Ichthyoconodon has been found to be a eutriconodontan mammal, despite there only being two molar teeth. although some authors have been skeptical of this interpretation. Other possibilities for the identity of these teeth have included pterosaur, dinosaur, and shark, but there has been no supporting evidence to date. Phylogenetic analysis favours the interpretation of these teeth as mammalian, and they are similar to the lower teeth of other mammals in Volaticotherini.

Phylogenetic studies find a close relationship with Volaticotherium, Jugulator, Triconolestes and Argentoconodon, within Volaticotheria.

==Ecology==

Ichthyoconodons teeth were found in marine deposits, alongside taxa like hybodontid sharks, ornithocheirid pterosaurs, ray-finned fish and sea turtles, as well as several terrestrial taxa like theropods. Unlike other mammal teeth, including other contemporary teeth such as those of Hahnodon, which show some degree of degradation, Ichthyoconodon teeth are not significantly modified, suggesting that the mammal either died in situ or was only carried over for a short distance under water.
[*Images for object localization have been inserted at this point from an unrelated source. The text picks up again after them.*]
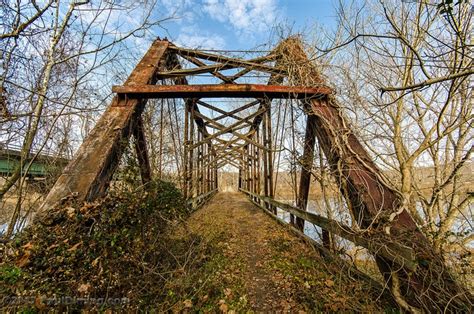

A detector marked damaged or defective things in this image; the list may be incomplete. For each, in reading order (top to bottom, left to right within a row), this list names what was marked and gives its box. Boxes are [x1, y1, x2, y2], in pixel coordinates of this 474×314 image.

rusted metal plate [38, 39, 169, 213]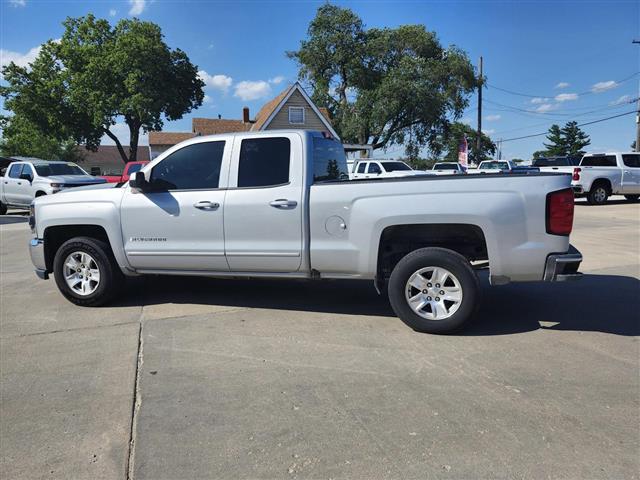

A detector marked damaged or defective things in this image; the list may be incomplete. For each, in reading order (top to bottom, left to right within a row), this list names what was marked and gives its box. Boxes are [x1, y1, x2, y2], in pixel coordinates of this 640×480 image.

pavement crack [125, 314, 144, 478]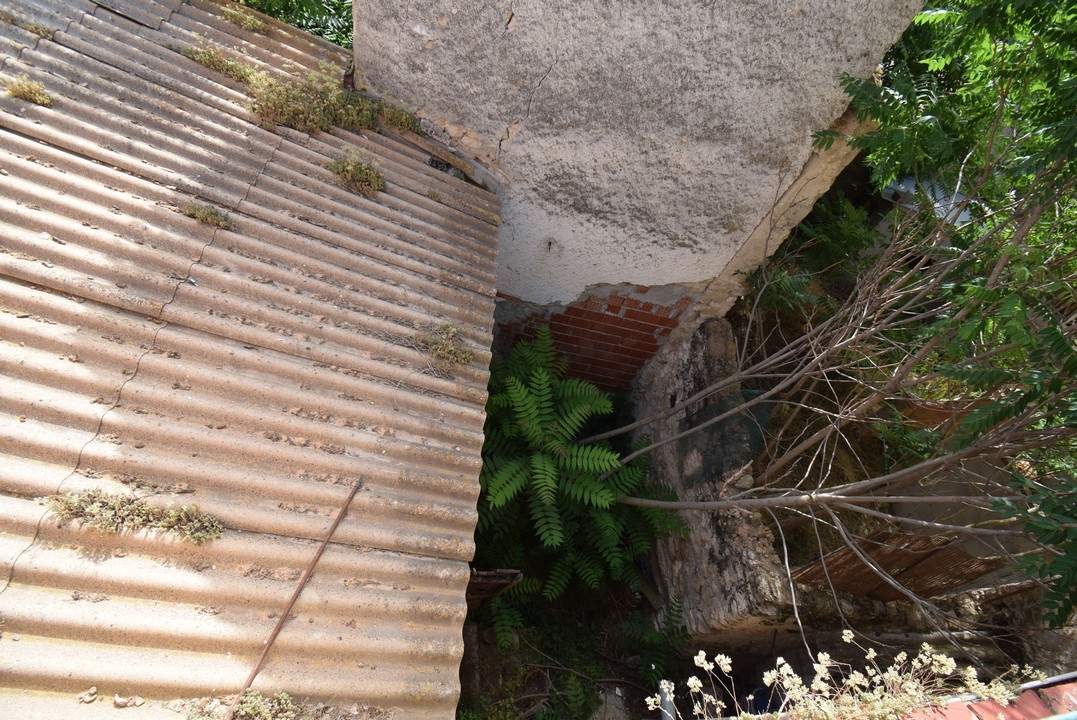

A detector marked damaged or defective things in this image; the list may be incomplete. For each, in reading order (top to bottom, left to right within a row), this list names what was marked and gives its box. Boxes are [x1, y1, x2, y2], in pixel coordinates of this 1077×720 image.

cracked stucco wall [353, 0, 917, 305]
rusty corrugated roofing [0, 1, 497, 714]
rusted metal sheet below [0, 2, 497, 714]
rusty metal rod on roof [225, 473, 364, 714]
rusty corrugated roofing [788, 527, 1003, 602]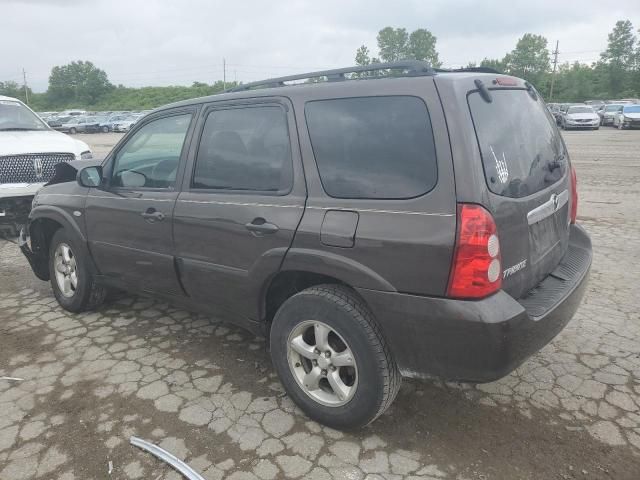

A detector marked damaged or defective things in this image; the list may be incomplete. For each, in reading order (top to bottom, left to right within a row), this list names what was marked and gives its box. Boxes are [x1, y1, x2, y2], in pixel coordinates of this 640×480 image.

cracked asphalt [0, 129, 636, 478]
Because the teeth of Ichthyoconodon are rather sharp and convergent in some details to the teeth of piscivorous mammals like otters and seals, some researchers have suggested that it may have fed on fish. There is no evidence for an aquatic lifestyle, other than the location the fossil were found. However there were freshwater semi-aquatic mammals in the Mesozoic, including the Jurassic and Cretaceous docodonts like Castorocauda and Haldanodon, Early Cretaceous monotremes and the Late Cretaceous Didelphodon. Ichthyoconodon and Dyskritodon amazighi are the only Mesozoic mammals so far to have been suggested to have possibly foraged in the sea. Researchers such as Zofia Kielan-Jaworowska pointed out lack of functional comparison between eutriconodont teeth and those of marine mammals. Unlike the teeth of seals and cetaceans, eutriconodont molars occlude, creating a shearing motion like carnassials, and unlike the grasping function of marine mammal molars.

It is possible that Ichthyoconodon may have been a gliding mammal, based on its relationship with the other gliding mammals like Volaticotherium. The presence of Argentoconodon in South America, Volaticotherium in Asia and Ichthyoconodon in North Africa in such a relatively close span of time suggests there may have been a widespread clade of Jurassic-Early Cretaceous gliding triconodonts.